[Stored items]
·····

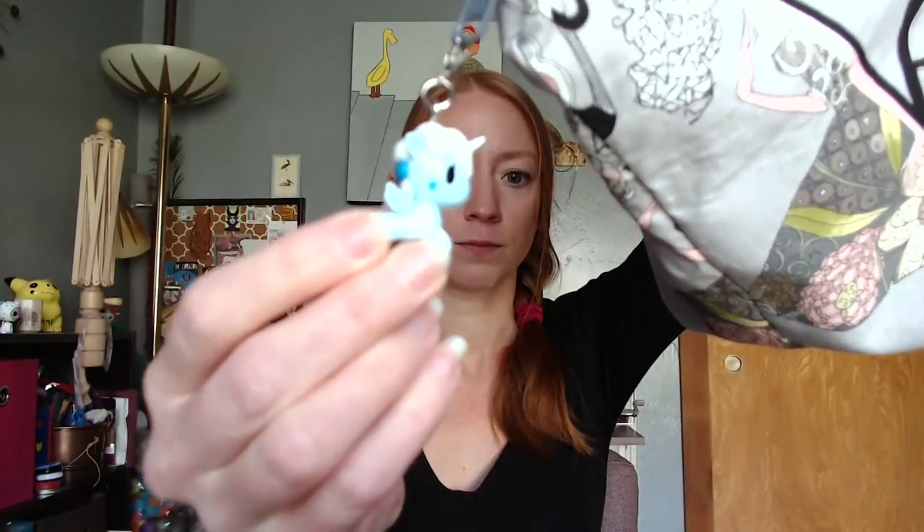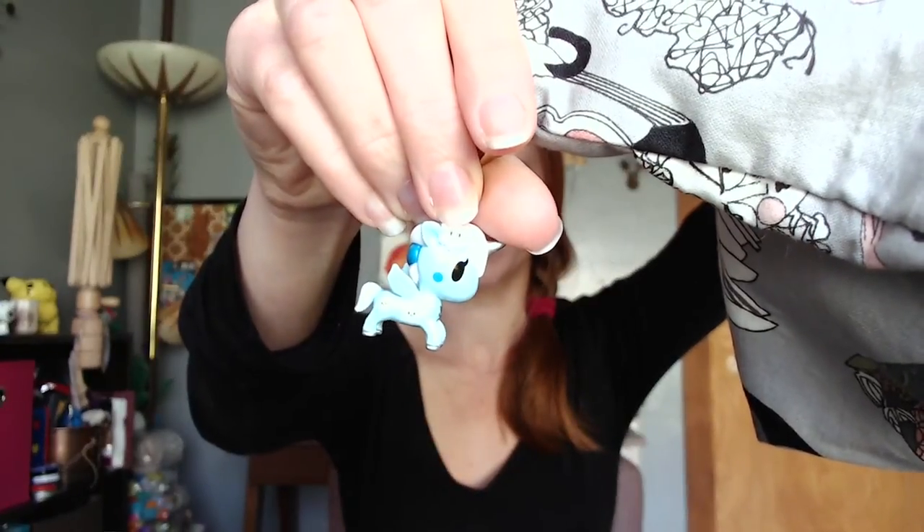I'm using a size 6 circular needle — these are my Signatures. It's living in my Ghastly's bag that I made, with my little Unicorno unicorn progress keeper as a zipper pull. Nicole of Hue Loco is also doing kits for that shawl, where she dyes a speckled color and a tonal color — you buy the two skeins and use them for that shawl. I've been tempted by those; they're really beautiful.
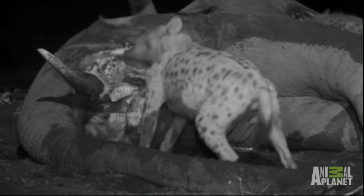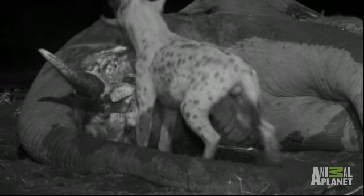While the hyenas gorge themselves on meat, flies gorge on them. You can see these hippobosca flies feeding right inside the anus of the hyena.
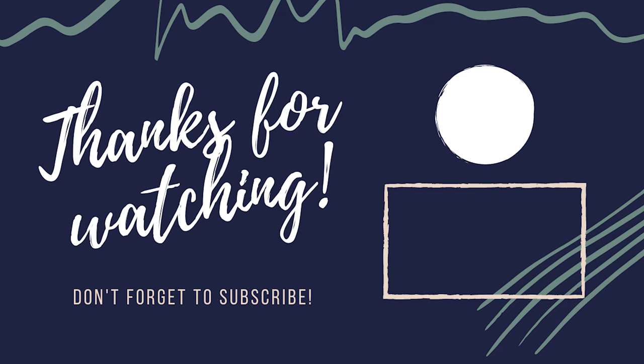If you enjoyed this video, make sure to like it and subscribe to the channel for more content like this.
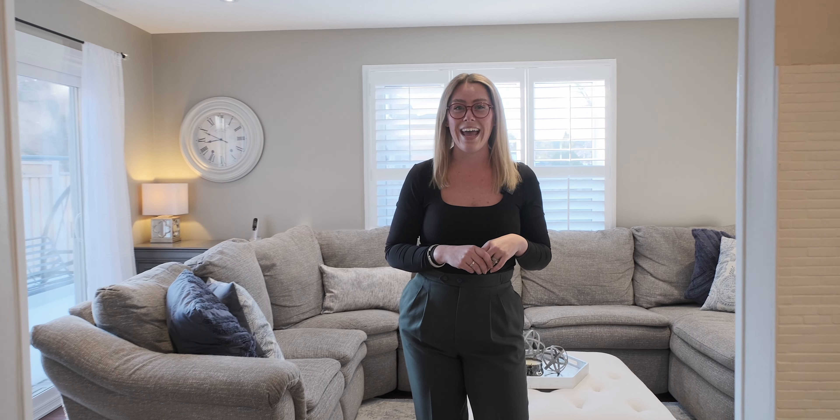Hey everybody, I'm Lindsay Foster with Foster Living at REMAX Escarpment. Today I am in Hamilton's Valley Park neighborhood on the Stony Creek Mountain to showcase this amazing family home. 24 Beach Grove is located on a quiet crescent close to everything, including the recently renovated Valley Park, Bishop Ryan and Salt Fleet High Schools, tons of shopping amenities, and the link. Go inside and take a look — you're sure to find something you love.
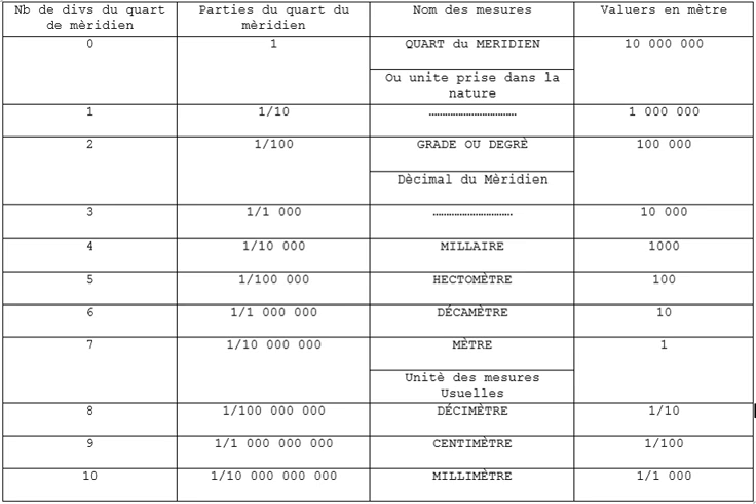The kilometre, international spelling as used by the International Bureau of Weights and Measures, SI symbol km, is a unit of length in the metric system, equal to 1,000 metres. It is now the measurement unit used officially for expressing distances between geographical places on land in most of the world. Notable exceptions are the United States and the road network of the United Kingdom, where the statute mile is the official unit used.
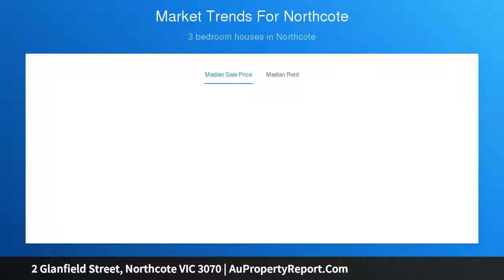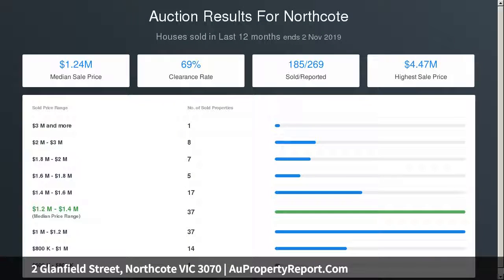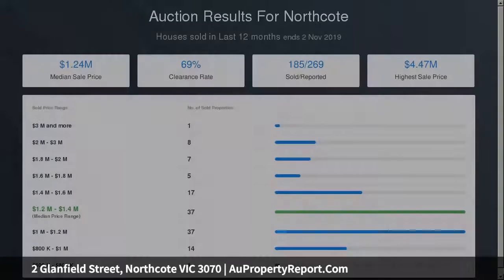Including a garage and studio with access from a right-of-way, plus dual off-street parking. This welcoming home features period detail, polished floors, ample storage, ducted heating and evaporative cooling.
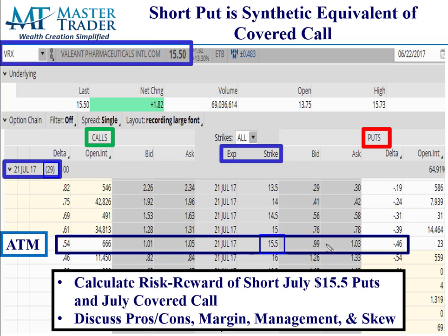Now let's look at selling a $15.50 July naked put. The market is $0.99 by $1.03, so the midpoint is $1.01. If we sold one put contract, we would take in $101, because options are priced per share. Now let's talk about the reward-to-risk on both, because that's what synthetic equivalent means.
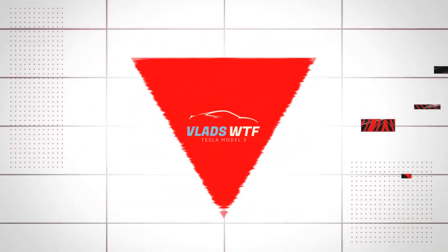Hey guys, welcome back to my channel. My name is Vlad and in this video we're gonna talk about battery life on a Tesla.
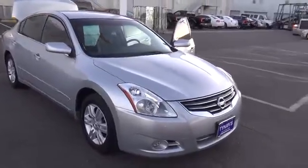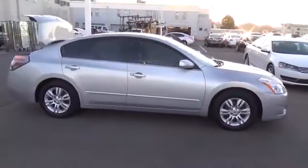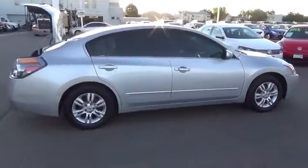Our 2010 Silver Ultima 2.5 S is a front-wheel drive mid-size sedan that offers a sporty ride with an economical four-cylinder engine.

·····

▶ [ASSIGNMENT]: Word for word, retype the lines in the entries above that run from the one with "While the hyenas" through the one with "If you enjoyed". Both ends count; pictures do not.

▶ [TASK ANSWER]:
While the hyenas gorge themselves on meat, flies gorge on them. You can see these hippobosca flies feeding right inside the anus of the hyena.
If you enjoyed this video, make sure to like it and subscribe to the channel for more content like this.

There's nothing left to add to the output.